For most practical applications, we want to estimate causal effects from observational data — without a randomized experiment. The backdoor criterion tells us when, and how, this is possible.

A set of variables \(Z\) satisfies the backdoor criterion relative to an ordered pair \((X, Y)\) if:

  1. No node in \(Z\) is a descendant of \(X\).
  2. \(Z\) blocks every “backdoor path” from \(X\) to \(Y\) — every path that begins with an arrow into \(X\).

If such a \(Z\) exists, the causal effect of \(X\) on \(Y\) can be estimated by adjusting for \(Z\):

\[P(Y \mid do(X)) = \sum_z P(Y \mid X, Z = z) \cdot P(Z = z) \tag{6.1}\]

This is the adjustment formula. In a regression context, it corresponds to including the confounders \(Z\) as covariates.

6.4 The Front-Door Criterion

Sometimes no valid adjustment set exists — the confounders are unobserved. The front-door criterion offers an alternative route in certain graph structures.

If there is a mediator \(M\) between \(X\) and \(Y\) such that: (1) all paths from \(X\) to \(Y\) go through \(M\), (2) there are no unblocked backdoor paths from \(X\) to \(M\), and (3) all backdoor paths from \(M\) to \(Y\) are blocked by \(X\) — then the causal effect can be estimated even without observing the confounders:

\[P(Y \mid do(X)) = \sum_m P(M = m \mid X) \sum_x P(Y \mid X = x, M = m) P(X = x) \tag{6.2}\]

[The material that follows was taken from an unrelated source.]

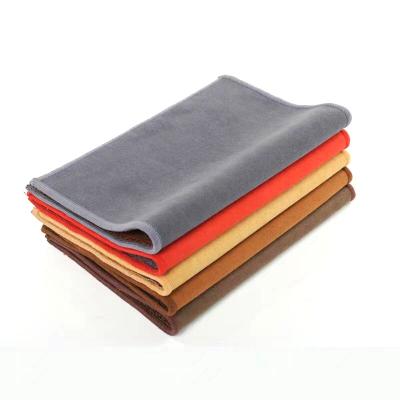 China New Sustainable Microfiber Double Sided Soft Ansorbent Car Wash Towels Car Seat Cloth Drying Automotive Waxing Polishing Detailing Towels for sale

The front-door adjustment was Pearl’s demonstration that causal inference is sometimes possible even when all the confounders are hidden.

Code
import networkx as nx
import matplotlib.pyplot as plt

G = nx.DiGraph()
nodes = ["U (confounder)", "Treatment", "Outcome"]
edges = [
    ("U (confounder)", "Treatment"),
    ("U (confounder)", "Outcome"),
    ("Treatment", "Outcome"),
]
G.add_nodes_from(nodes)
G.add_edges_from(edges)

pos = {"U (confounder)": (1, 2), "Treatment": (0, 0), "Outcome": (2, 0)}
colors = {"U (confounder)": "#ffd700", "Treatment": "#d0e4f7", "Outcome": "#d0f7d4"}

fig, ax = plt.subplots(figsize=(7, 4))
nx.draw_networkx_nodes(G, pos, ax=ax, node_size=2800,
                       node_color=[colors[n] for n in G.nodes()],
                       edgecolors="#555", linewidths=1.5)
nx.draw_networkx_labels(G, pos, ax=ax, font_size=9)
nx.draw_networkx_edges(G, pos, ax=ax, arrows=True, arrowsize=25,
                       edge_color="#555", width=2,
                       connectionstyle="arc3,rad=0.05")
ax.set_title("Backdoor path: Treatment ← U → Outcome (backdoor path to block)")
ax.axis("off")
plt.tight_layout()
plt.show()
Figure 6.1: Backdoor paths in a simple DAG. The confounder U creates a spurious path between Treatment and Outcome.

6.5 Summary

  • Observing \(P(Y \mid X)\) and intervening \(P(Y \mid do(X))\) are different quantities; they coincide only when there are no confounders.
  • The do-operator corresponds to removing incoming edges to the target node — the “mutilated graph.”
  • The backdoor criterion identifies a set of observed variables that, if adjusted for, removes confounding and yields the causal effect.
  • The front-door criterion allows causal identification even when confounders are unobserved, using a mediating variable.

6.6 Further Reading

Pearl (2009) contains the full derivation of the do-calculus and its completeness. The three rules of the do-calculus are stated in Chapter 3; the backdoor and front-door criteria are in Chapter 3–4. Pearl and Mackenzie (2018) retells these results with historical narrative in Chapters 7–8.